→ About this task
Keep the text of the data exactly as it is and omit each picture from the copy.

→ Information supplied

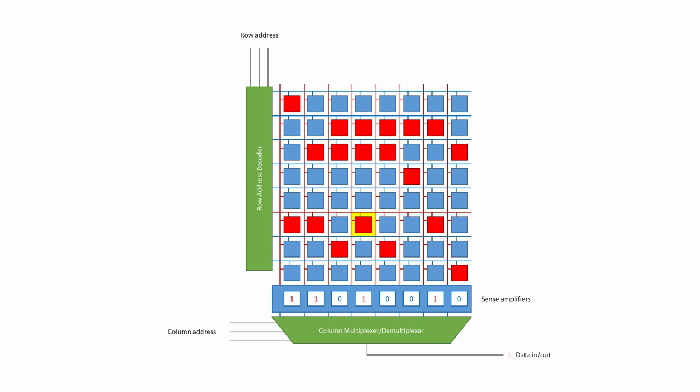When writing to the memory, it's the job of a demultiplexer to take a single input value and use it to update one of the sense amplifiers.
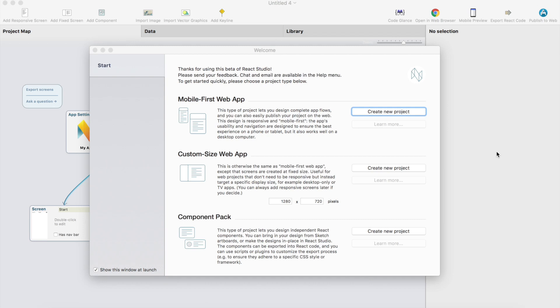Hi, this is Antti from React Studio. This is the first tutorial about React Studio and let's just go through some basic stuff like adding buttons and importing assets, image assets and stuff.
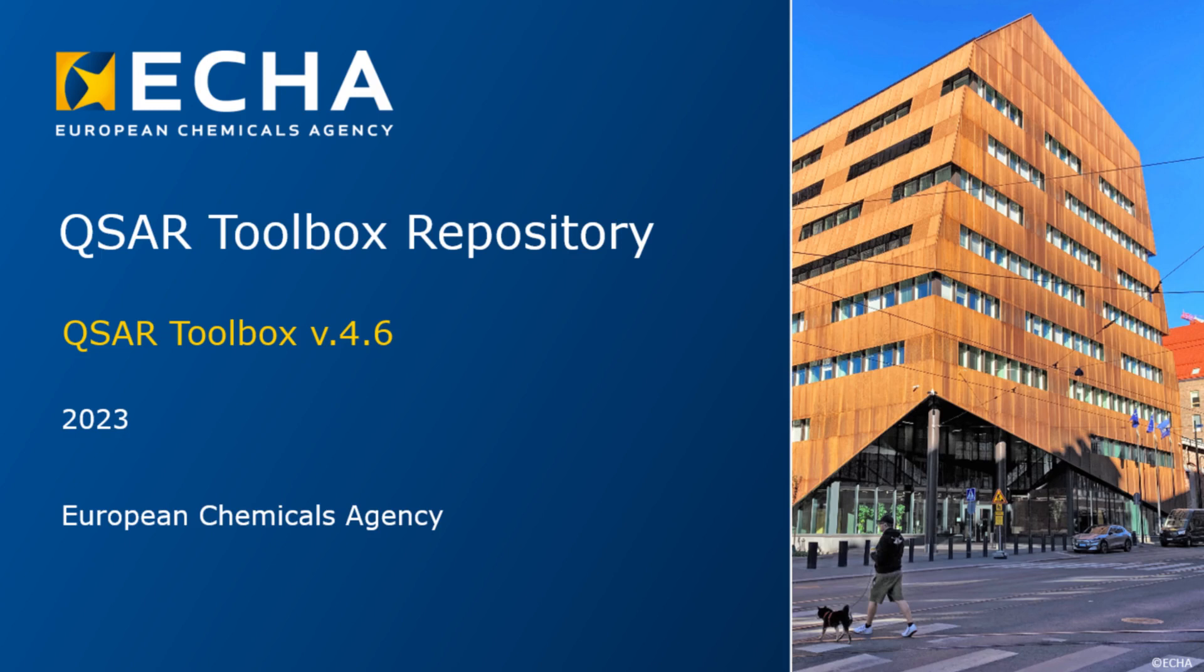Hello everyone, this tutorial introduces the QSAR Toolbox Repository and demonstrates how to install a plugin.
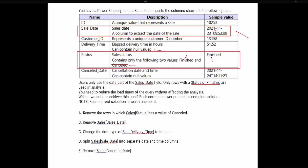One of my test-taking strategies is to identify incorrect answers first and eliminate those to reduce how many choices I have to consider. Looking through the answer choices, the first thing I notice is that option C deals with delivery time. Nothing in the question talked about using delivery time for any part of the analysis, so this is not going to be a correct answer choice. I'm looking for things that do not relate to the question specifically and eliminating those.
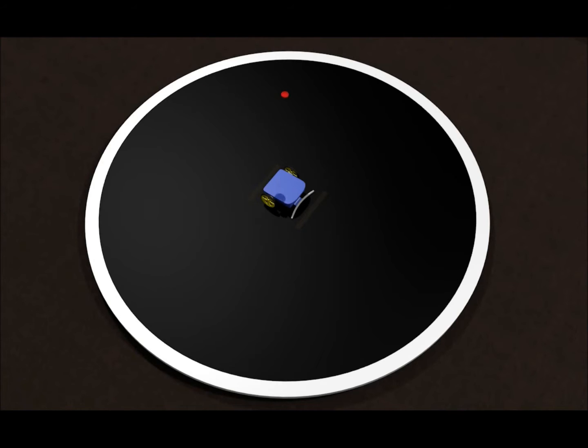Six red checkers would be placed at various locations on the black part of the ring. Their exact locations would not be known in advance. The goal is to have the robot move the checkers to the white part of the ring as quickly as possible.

→ Solution for this task
When writing to the memory, it's the job of a demultiplexer to take a single input value and use it to update one of the sense amplifiers.
Hi, this is Antti from React Studio. This is the first tutorial about React Studio and let's just go through some basic stuff like adding buttons and importing assets, image assets and stuff.
Hello everyone, this tutorial introduces the QSAR Toolbox Repository and demonstrates how to install a plugin.
One of my test-taking strategies is to identify incorrect answers first and eliminate those to reduce how many choices I have to consider. Looking through the answer choices, the first thing I notice is that option C deals with delivery time. Nothing in the question talked about using delivery time for any part of the analysis, so this is not going to be a correct answer choice. I'm looking for things that do not relate to the question specifically and eliminating those.
Six red checkers would be placed at various locations on the black part of the ring. Their exact locations would not be known in advance. The goal is to have the robot move the checkers to the white part of the ring as quickly as possible.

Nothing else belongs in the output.